Everyone I know in tech is carrying more than they used to. And it is not just tech. Anyone juggling professional responsibilities alongside a personal life, side projects, and the relentless need to stay current feels it. The context switches are constant. The lists keep growing. The week ends and you are not quite sure what you actually moved forward.

The irony is that the same technology creating the overload is also the thing that can help manage it, if you build the right interface between yourself and the noise.

I decided to stop managing it manually. Instead, I built a small team of agents.


The Problem

The problem is not lack of information. The problem is that information lives in too many places and none of them talk to each other.

Your notes have your thinking. Your calendar has your commitments. Your inbox has signals from the outside world: newsletters, industry news, things people send you. Your work projects are pulling in one direction, your personal goals in another, and somewhere in between you are supposed to have a coherent view of where you are and where you are going.

The cognitive overhead of maintaining that view manually is significant. Every Monday morning most people spend 30-40 minutes just reconstructing context: what did I work on last week, what is coming up, what did I mean to follow up on. That is not thinking. That is retrieval. And retrieval is exactly what agents are for.

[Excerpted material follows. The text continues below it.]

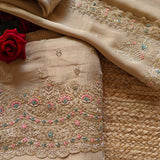 Designer Pure crush tissue with handwork wedding trousseau collection Dress material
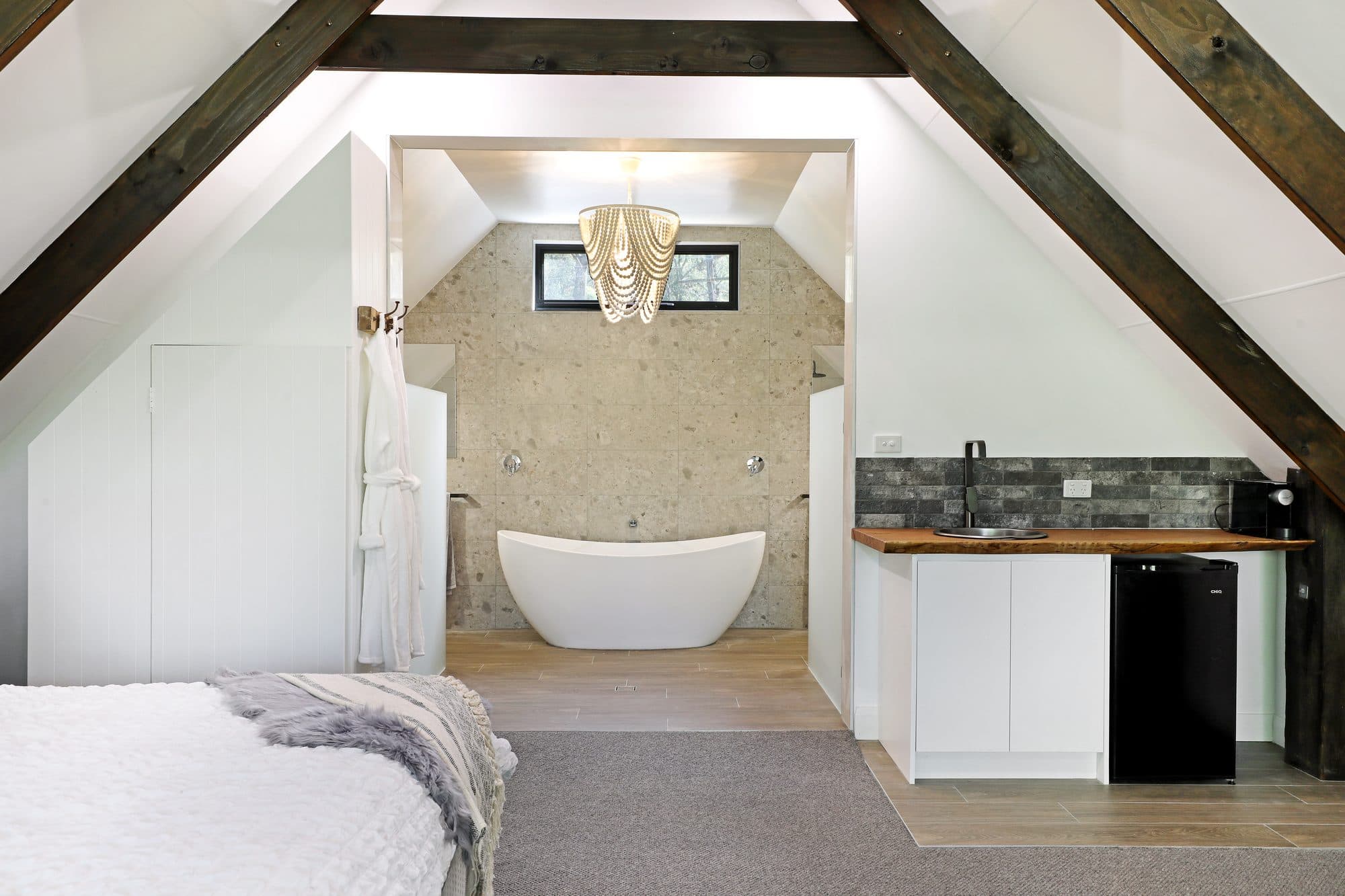 Second bathroom at Levante, Serenity 222, with vaulted ceiling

The Solution: A Small Team of Agents

Three agents. Each has a single job. Together they cover the full loop: inside context, outside signals, and weekly rhythm.

Agent 1: Daily Digest

Runs at 1am. Reads yesterday’s Obsidian daily note and any vault files touched in the past 24 hours. Pulls tomorrow’s calendar. Synthesizes everything into a structured email that lands before you wake up.

Four sections: what you worked on yesterday, what files you touched, what is on tomorrow’s calendar, and suggested focus for the day. The last section is the one that matters most. It is grounded in what you were actually doing, not a generic priority framework.

It reads the inside world so you wake up with context already loaded.

Agent 2: Wiki Update

Runs at 11pm. Reads the entire vault, identifies active topics dynamically, runs web searches on each one, and publishes a private wiki to a secured site. Each topic page has two halves: what your notes say about it, and what the internet currently says about it.

Having a single place that combines your own thinking on a topic with current external developments is a qualitatively different kind of reference than either source alone. Your internal model meets the external world, updated every night.

It connects your thinking to what is happening in the field on every topic you are actively working on.

Agent 3: Weekly Review

Runs at the end of the work week. Reads the whole week’s daily notes and modified vault files. Pulls both this week’s and next week’s calendar. Produces a retrospective and a forward plan: what you actually accomplished, what is still open, what you should prioritize next week and why.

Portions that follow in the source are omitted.